Ribavirin was toxic at a concentration close to the effective concentration in vitro and in vivo. Therefore, monitoring of the CSF ribavirin concentration is necessary. We measured the ribavirin concentration in real time and adjusted the dose and frequency of ribavirin administration. This, however, is impossible in many institutions. One course of intraventricular ribavirin therapy consists of 10-day treatments at 20-day intervals or 5-day treatments at 10-day intervals. Ribavirin concentrations in the CSF after the initial treatment at a dose of 1 mg/kg twice a day should be measured, and the results should be used to adjust the dose and frequency of the next treatment.

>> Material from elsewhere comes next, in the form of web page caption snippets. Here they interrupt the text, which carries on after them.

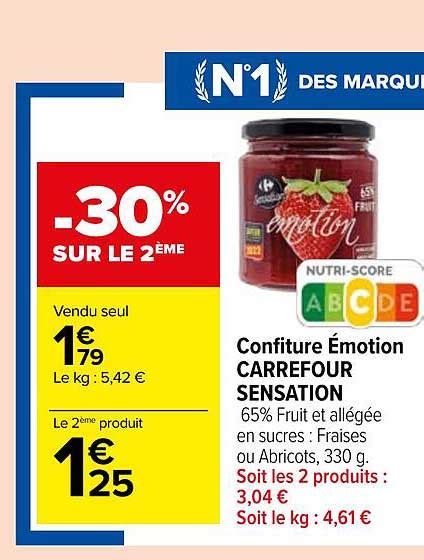 Promo Confiture Motion Carrefour Sensation Chez Carrefour Market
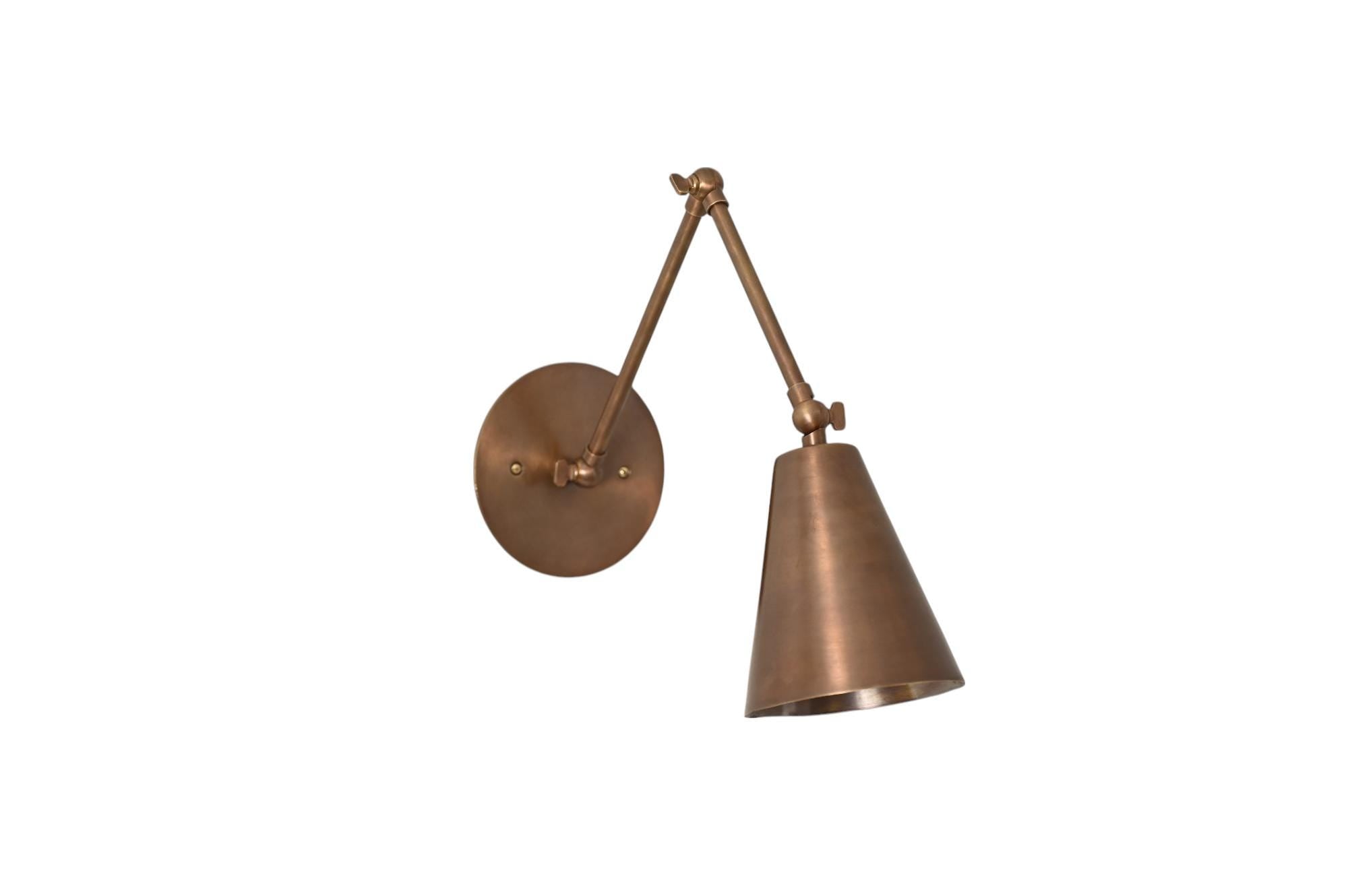 Single Light Brass Vintage Handcrafted Swing Wall Lamp  & Sconce Fixture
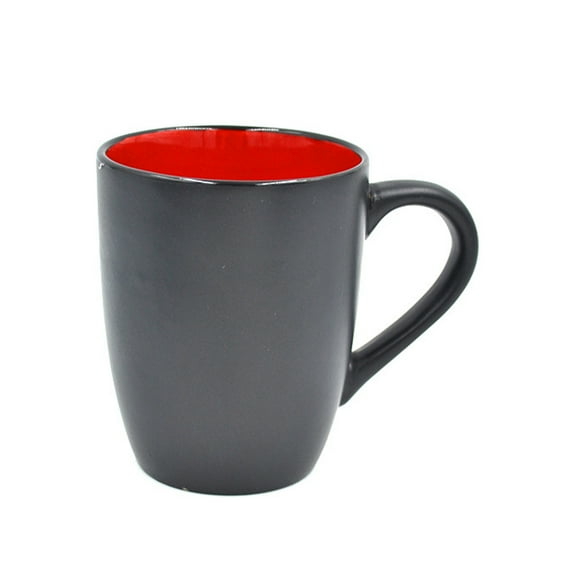Sunjoy Tech Ceramic Coffee Mug with Colorful Interior 16 OZ Matte Beverage Cup Handle Tea Cup for Latte Tea Cappuccino Easy-to-Clean
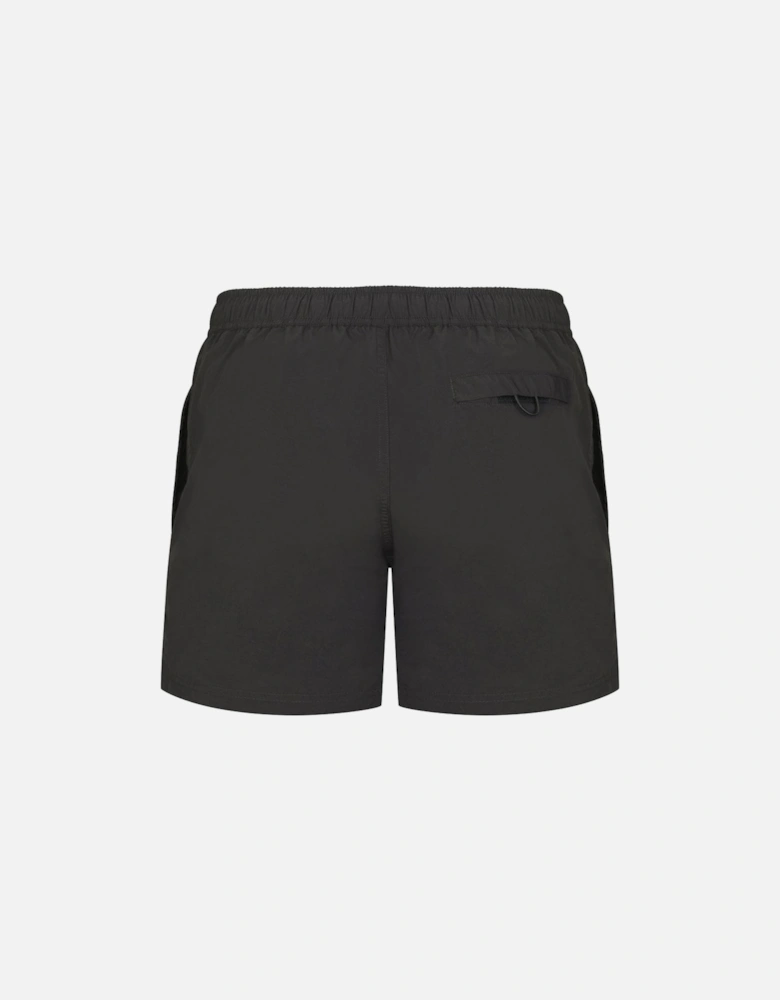 Short Paris Logo Swimshorts in Black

CSF ribavirin concentrations were maintained at concentrations at which SSPE virus replication was completely inhibited in vitro and in vivo by adjusting the optimum dose and frequency of ribavirin administration. Ribavirin at this concentration might inhibit the replication of other RNA viruses (2, 10) such as paramyxoviruses, orthomyxoviruses, picornaviruses, togaviruses, and human immunodeficiency viruses. Intraventricular ribavirin therapy should be further pursued for its potential use for patients with SSPE and might be applied for the treatment of patients with encephalitis caused by other RNA viruses.